Nina had worked on making the display cases for almost four months now, since her father had first proposed the idea of exhibiting his jewellery collection in one of the New York galleries, taking several weeks and consultations with her father to decide on a combination of smooth pewter and bevelled glass, so as not to detract from the beauty of the jewels themselves. Each display case had its own intricate lock and security code, a code known only to Nina and her father. ‘They will look even more impressive once the jewellery is inside them.’

‘I’m sure.’ Rafe D’Angelo nodded abruptly. ‘The exhibition doesn’t open until Saturday; surely it isn’t going to take you more than a day or so to organise the display?’
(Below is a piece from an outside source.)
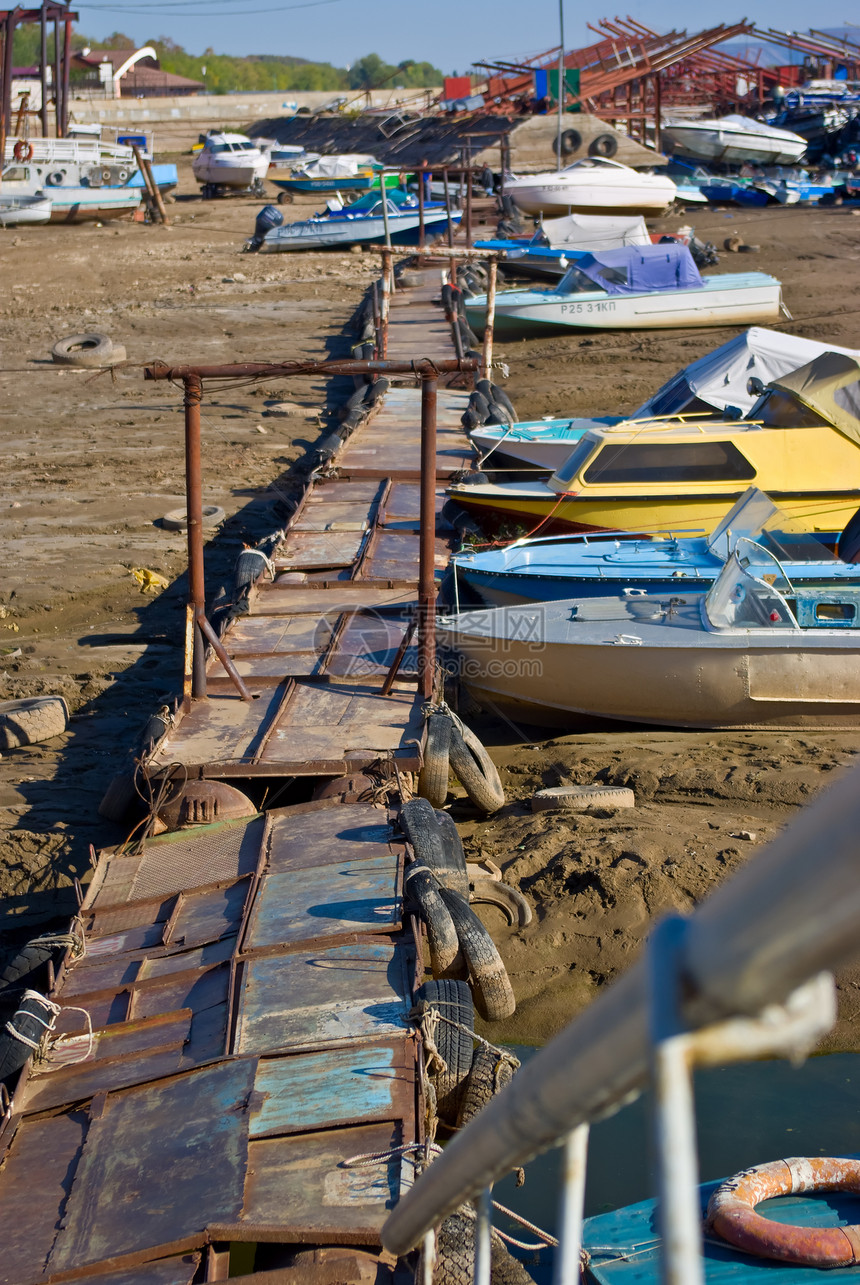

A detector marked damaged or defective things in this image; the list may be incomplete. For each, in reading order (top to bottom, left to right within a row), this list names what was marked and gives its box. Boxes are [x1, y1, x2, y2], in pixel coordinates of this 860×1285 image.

corroded metal post [182, 378, 207, 700]
corroded metal post [418, 372, 436, 700]
rusty wooden dock [0, 266, 478, 1280]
‘It’s a very large collection.’

‘Even so...’

Nina eyed him teasingly. ‘If I didn’t know better, Rafe, I would think that you were trying to get rid of me for at least three of those four days?’

And she would be right in thinking that, Rafe acknowledged with rising impatience. Damn it, he had the whole of Archangel to run, not just the Palitov Exhibition, and he didn’t have the time—or the inclination—to cater to the whims and demands of the Palitov family. ‘Not at all,’ he dismissed smoothly.

‘I spoke to my father on the telephone earlier, and he wishes me to extend his compliments to you, and invite you to his home for dinner this evening, if that’s convenient?’ the youngest member of the Palitov family invited formally.

The frown deepened on Rafe’s brow at the invitation, knowing that Dmitri Palitov was as socially elusive as he was reclusive, but he now appeared to be inviting Rafe to go to his home for dinner this evening. Understandably so, perhaps, considering Rafe was now the D’Angelo brother in charge of the New York gallery the other man was entrusting his beloved jewellery collection to.